Crossposted at Evolution News

Here are items reported in 2019 that have made news in 2020: more on butterflies, hummingbirds, and the Cambrian explosion.

Structural Color in Butterflies

Past articles at Evolution News have discussed the phenomenon of structural color, in which colors are intensified not by pigments but by optics. In a variety of animals, light interference from microscopic ridges and other structures can intensify and diminish particular wavelengths. Butterflies are particularly good at this.

A new study published in PNAS extends the trick with light into the infrared, giving butterflies an additional advantage: warmth!

The optical properties of microstructures on butterfly wings are well studied in the visible spectrum, providing an understanding of the origins of structural coloration. Meanwhile, there is a need for evaluating their midinfrared optical properties, due to the critical role these properties play in thermoregulation. While a high visible absorptivity offers heating by absorption of solar radiation, a high midinfrared emissivity offers heat loss via thermal emission. Here we evaluate the midinfrared optical properties of 4 butterfly species from different habitats and analyze the effect of this emissivity on wing temperature. With the wing temperatures attaining similar values irrespective of their habitats of origin, our findings demonstrate the potential influence of butterfly wing microstructures on midinfrared optical properties and thermoregulation.

Hummingbird Pancakes

Some birds are also masters of structural color. Hummingbirds, featured in Illustra Media’s Flight: The Genius of Birds, are champions at it. Researchers at the Chicago Field Museum of Natural History looked at the microstructures in the iridescent throat feathers of male hummingbirds and found shapes that looked like pancakes: “hummingbirds’ melanosomes are pancake-shaped and contain lots of tiny air bubbles,” the researchers found.

Hummingbirds are some of the most brightly-colored things in the entire world. Their feathers are iridescent — light bounces off them like a soap bubble, resulting in shimmering hues that shift as you look at them from different angles. While other birds like ducks can have bright feathers, nothing seems to come close to hummingbirds, and scientists weren’t sure why. But a new study in Evolution shows that while hummingbird feathers have the same basic makeup as other birds’, the special shape of their pigment-containing structures enables them to reflect a rainbow of light.

The rows of pancake-shaped structures creates “a more complex set of surfaces,” the scientists found, that can produce an iridescent rainbow of colors. Darwinism was not particularly helpful in the research.

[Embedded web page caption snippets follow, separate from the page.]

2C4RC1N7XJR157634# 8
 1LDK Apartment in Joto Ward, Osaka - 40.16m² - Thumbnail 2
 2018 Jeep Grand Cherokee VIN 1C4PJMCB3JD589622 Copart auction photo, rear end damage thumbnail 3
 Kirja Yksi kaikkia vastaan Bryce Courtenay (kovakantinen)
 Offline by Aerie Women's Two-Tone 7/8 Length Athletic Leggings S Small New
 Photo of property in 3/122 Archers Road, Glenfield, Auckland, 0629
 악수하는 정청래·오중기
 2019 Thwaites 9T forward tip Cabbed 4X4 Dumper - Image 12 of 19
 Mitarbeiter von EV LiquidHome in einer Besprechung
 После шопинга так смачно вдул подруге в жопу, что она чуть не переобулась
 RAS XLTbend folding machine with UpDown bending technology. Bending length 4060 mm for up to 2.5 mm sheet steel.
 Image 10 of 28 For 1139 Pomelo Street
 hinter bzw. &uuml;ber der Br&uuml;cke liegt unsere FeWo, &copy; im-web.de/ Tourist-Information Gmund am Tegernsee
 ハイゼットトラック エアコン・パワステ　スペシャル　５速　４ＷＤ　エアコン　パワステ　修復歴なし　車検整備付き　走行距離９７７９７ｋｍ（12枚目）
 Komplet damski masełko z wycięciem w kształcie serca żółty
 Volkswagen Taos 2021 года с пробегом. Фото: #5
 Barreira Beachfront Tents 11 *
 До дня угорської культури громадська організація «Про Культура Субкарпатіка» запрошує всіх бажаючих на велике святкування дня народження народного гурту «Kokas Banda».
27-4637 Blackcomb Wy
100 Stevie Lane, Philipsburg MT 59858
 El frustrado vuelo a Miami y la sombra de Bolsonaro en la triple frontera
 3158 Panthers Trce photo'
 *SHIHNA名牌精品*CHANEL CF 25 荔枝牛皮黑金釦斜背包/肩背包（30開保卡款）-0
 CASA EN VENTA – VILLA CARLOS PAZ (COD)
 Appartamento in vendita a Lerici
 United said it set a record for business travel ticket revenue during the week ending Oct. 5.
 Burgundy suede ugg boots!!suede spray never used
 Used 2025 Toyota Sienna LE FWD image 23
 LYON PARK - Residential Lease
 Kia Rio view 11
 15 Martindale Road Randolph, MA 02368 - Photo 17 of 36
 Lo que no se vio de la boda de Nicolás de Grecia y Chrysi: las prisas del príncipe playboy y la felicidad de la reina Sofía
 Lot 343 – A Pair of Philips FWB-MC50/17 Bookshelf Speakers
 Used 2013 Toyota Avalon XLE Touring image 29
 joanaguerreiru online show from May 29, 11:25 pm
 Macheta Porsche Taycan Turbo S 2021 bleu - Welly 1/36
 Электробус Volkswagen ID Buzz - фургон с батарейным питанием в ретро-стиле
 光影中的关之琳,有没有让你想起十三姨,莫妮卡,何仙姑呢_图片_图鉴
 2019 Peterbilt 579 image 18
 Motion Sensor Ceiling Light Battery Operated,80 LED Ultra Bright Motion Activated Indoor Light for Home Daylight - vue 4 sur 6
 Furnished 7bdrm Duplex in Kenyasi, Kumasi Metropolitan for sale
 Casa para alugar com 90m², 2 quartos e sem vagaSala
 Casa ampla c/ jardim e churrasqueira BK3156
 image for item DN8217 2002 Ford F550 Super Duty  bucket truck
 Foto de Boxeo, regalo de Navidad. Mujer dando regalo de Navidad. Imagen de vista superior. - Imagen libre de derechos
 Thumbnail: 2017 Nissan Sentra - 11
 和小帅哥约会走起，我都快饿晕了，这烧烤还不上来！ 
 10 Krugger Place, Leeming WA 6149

“The big question that keeps me up at night is, why are some groups of birds more colorful than others?”says Chad Eliason, the paper’s first author and a postdoctoral researcher at the Field Museum in Chicago. “You can look out your window and see drab brown birds, and then you have this glittering gem flutter to your hummingbird feeder. Why are hummingbirds so colorful?  Is it the environment, is it sexual selection? Or is it something about the internal mechanisms, the physics and the way colors are produced?”

If they keep asking that last question with an open mind, ID theory can offer some possibilities. Otherwise Darwinians have to suppose that “melanosome shape and the thickness of the feather lining are traits that evolved separately” and came together just right, by chance.

Humans and Fruit Flies Related, But How?

Here’s news from Columbia University’s Zuckerman Institute. Did you know fruit flies see in color? And that their color vision principles resemble that of humans?

Columbia scientists have identified a brain circuit that drives fruit flies’ ability to see in color — and found that it bears a striking resemblance to the circuitry behind our own capacity for color vision. These findings shed light on the fundamental, yet mysterious, process by which information about light waves is transmitted from the eye to the brain. This research will not only fuel new investigations into how color vision works in flies and humans, but could also spur efforts to develop algorithms that help computers see in color.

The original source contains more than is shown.